Tampon Ads Can't Tackle What TV's Been Doing For Decades
Tampon Ads Can't Tackle What TV's Been Doing For Decades
Tampon ads are filled with euphemisms, and feature women in varying shades of white frolicking outdoors. Nobody knows their secret, and really that's all anyone's ever asked of a tampon. But now Kotex is stirring things up with a new campaign called Break the Cycle. It parodies typical feminine-product commercials by talking openly and frankly about periods. Too frankly for TV. The New York Times reports three networks rejected the ad, and only one of those networks accepted it after the word "vagina" was switched out for "down there."
Now that a company is finally trying to challenge the status quo, and maybe peddle what it believes are the finest applicators around, television won't have it. Yet TV shows have been doing a better job talking about periods for years. Here are clips from three shows — Blossom, 7th Heaven, and The Cosby Show — that, despite overuse of the word "woman," do a remarkable job of talking about menstruation.

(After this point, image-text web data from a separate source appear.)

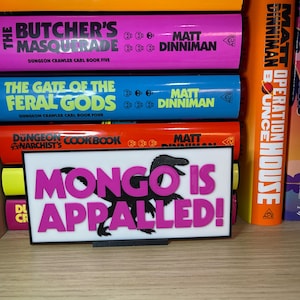Puede incluir: Un letrero rectangular blanco con el texto "MONGO IS APPALLED!" en rosa y una silueta de dinosaurio negra. El letrero est&aacute; frente a una estanter&iacute;a de libros coloridos con t&iacute;tulos como "The Eye of the Bedlam Bride" y "The Butcher's Masquerade".
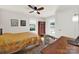 Bright bedroom featuring hardwood floors, a ceiling fan, and natural light from large windows at 2314 Wolfe St, Charlotte, NC 28205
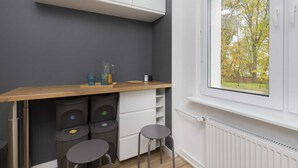 A compact kitchen with a wooden countertop, white cabinets, and a window with a view of trees.
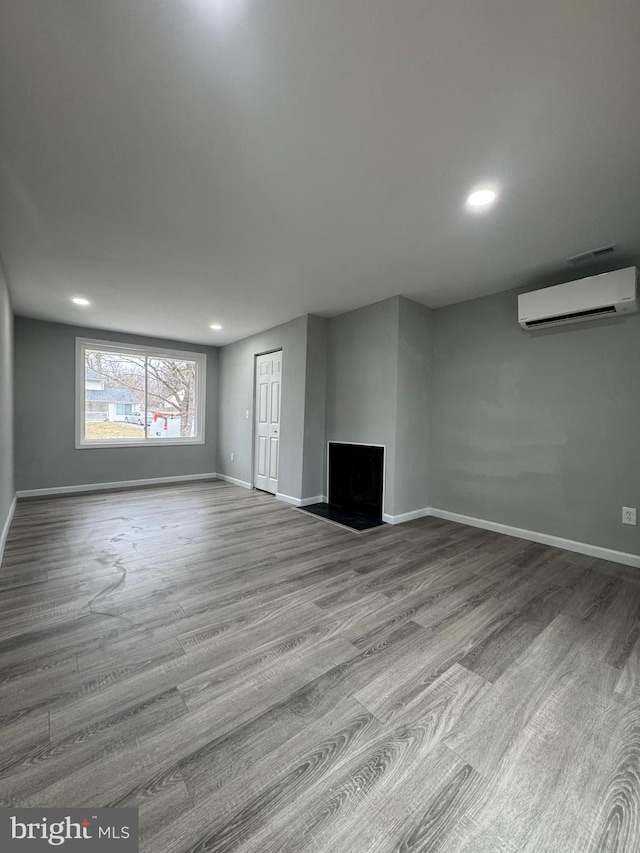 unfurnished living room featuring a wall mounted air conditioner, baseboards, wood finished floors, and recessed lighting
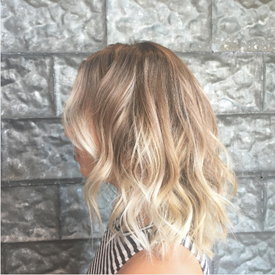 Model with warm blonde hair.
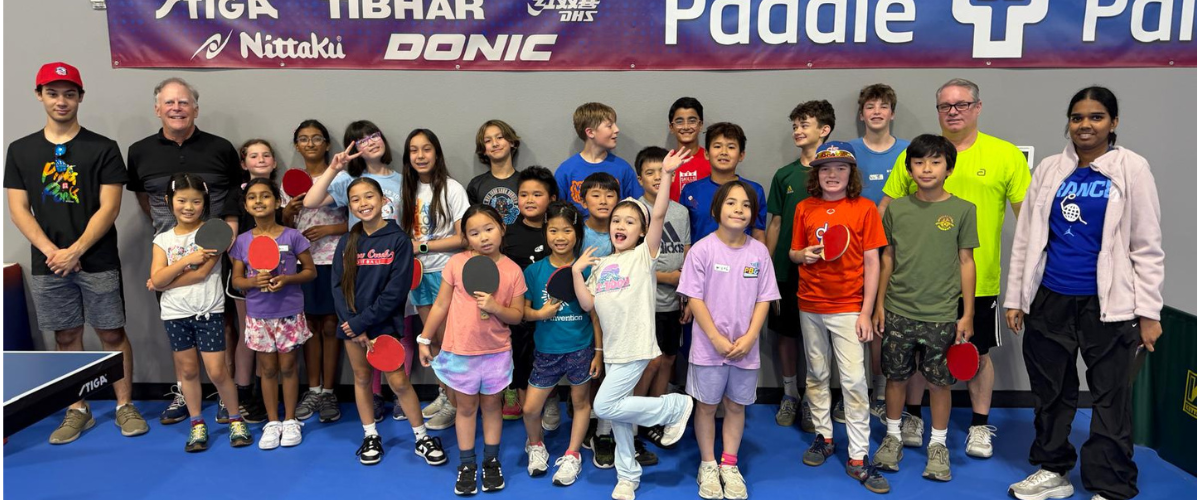 Young players and coaches celebrate a successful Paddle Palace Junior Table Tennis Camp in Tigard, Oregon.
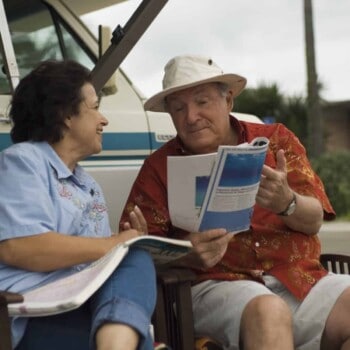 mature couple reading magazine in front of motorhome (Image: Shutterstock)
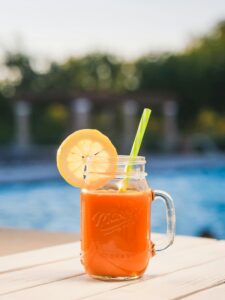 Delicious orange juice in a mason jar with lemon slice by the pool for a refreshing summer drink.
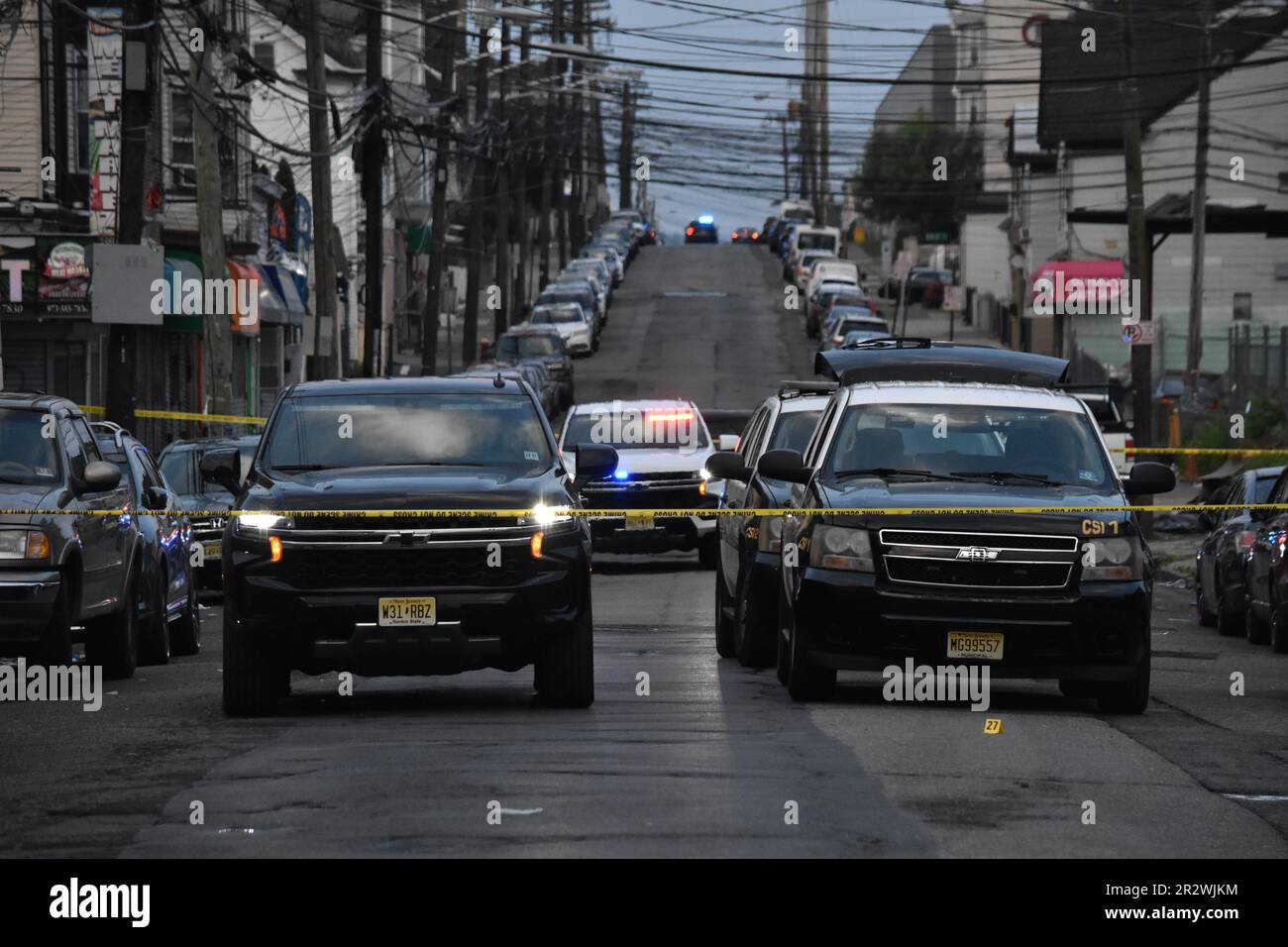 Evidence markers seen on the ground at the crime scene. Paterson police
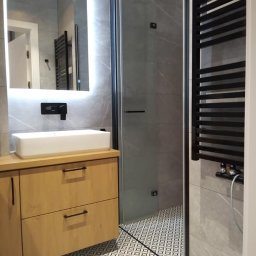 Serra's team Zakład Budowlany Rafał Serafin - Nowoczesna łazienka z drewnianą szafką pod umywalką, kabiną prysznicową ze szklanymi drzwiami i czarnym grzejnikiem drabinkowym na tle szarych płytek imitujących marmur i wzorzystej podłogi.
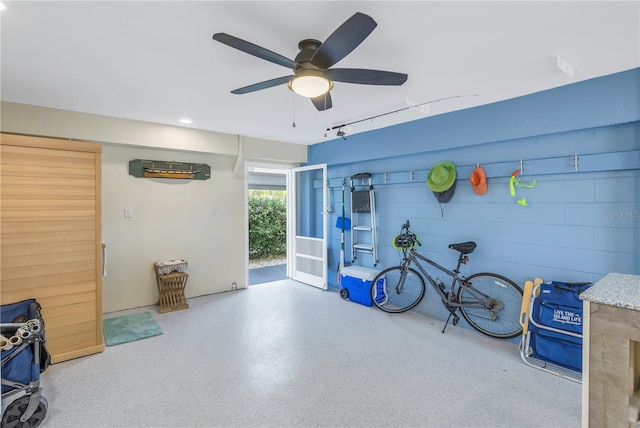 misc room with ceiling fan and rail lighting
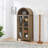 A high arched storage cabinet with a lamp-360005112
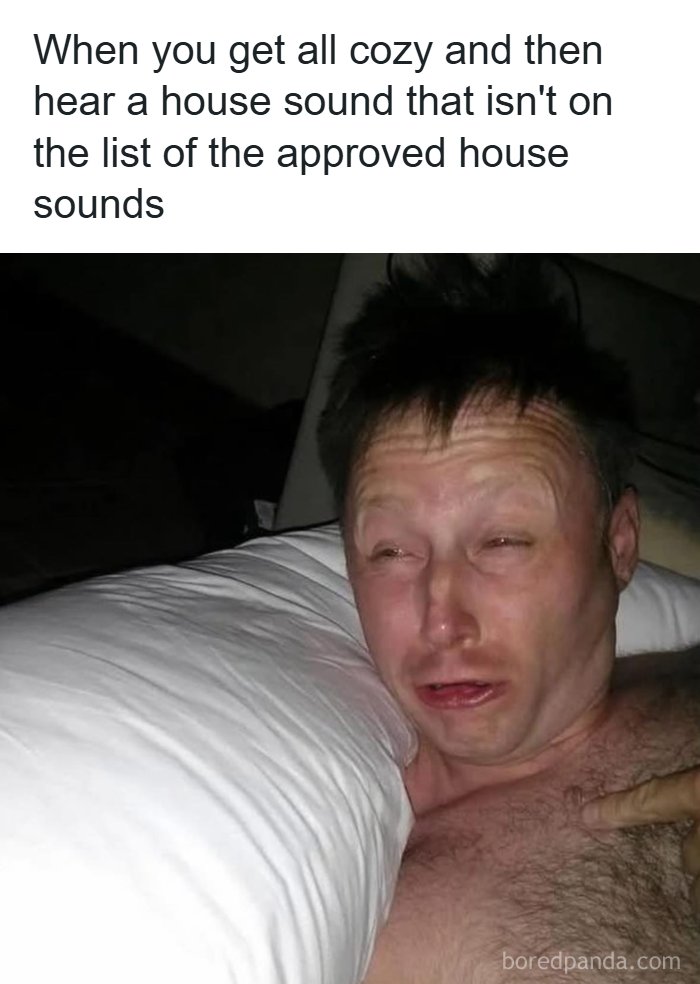 A man in bed, looking scared and pointing at his chest, representing a hilarious meme about house sounds.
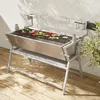A stainless steel electric rotisserie grill with vegetables on the grate, placed on a wooden deck next to a white wall with shadows. Produktbild-Vorschau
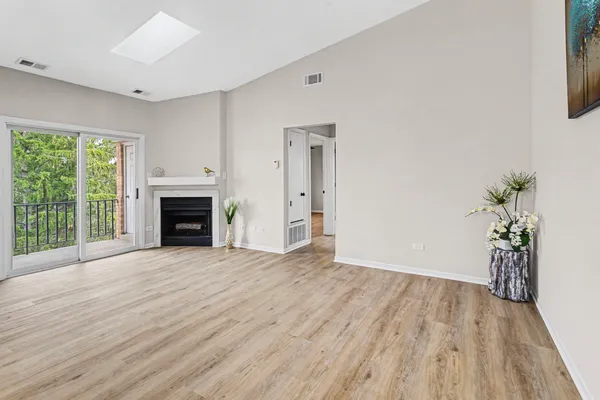 a view of empty room with wooden floor and fireplace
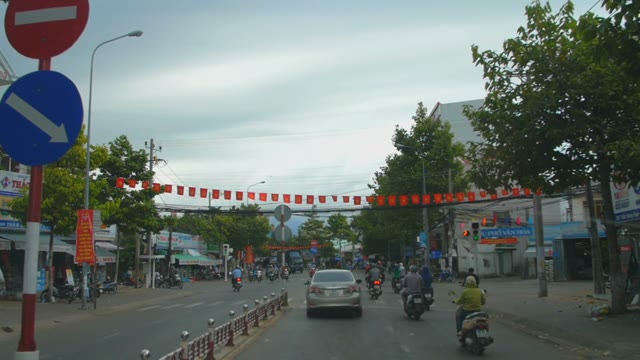 Flags Over The Road With Traffic Signs And Lots Of Cars Motorcycles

Watch them after the jump.
The episode "Blossom Blossoms" does in 1991 pretty much exactly what Kotex is attempting in 2010. Blossom's best friend, Six, cheers her up with sarcasm and pointing out the tampon box says everything she needs to know, like now she can even go hiking.
With the dramatic music and sad faces, 7th Heaven at first seems to be the type of programming that makes bad tampon commercials possible. But after "became a woman" is said about five times, the father asks "why are we using the euphemism 'became a woman?'"
Leave it to Clair Huxtable to know how to handle a period. Though it's dotted with dramatic talk of womanhood, it still accurately challenges myths around menses.
Then again nobody ever does say vagina!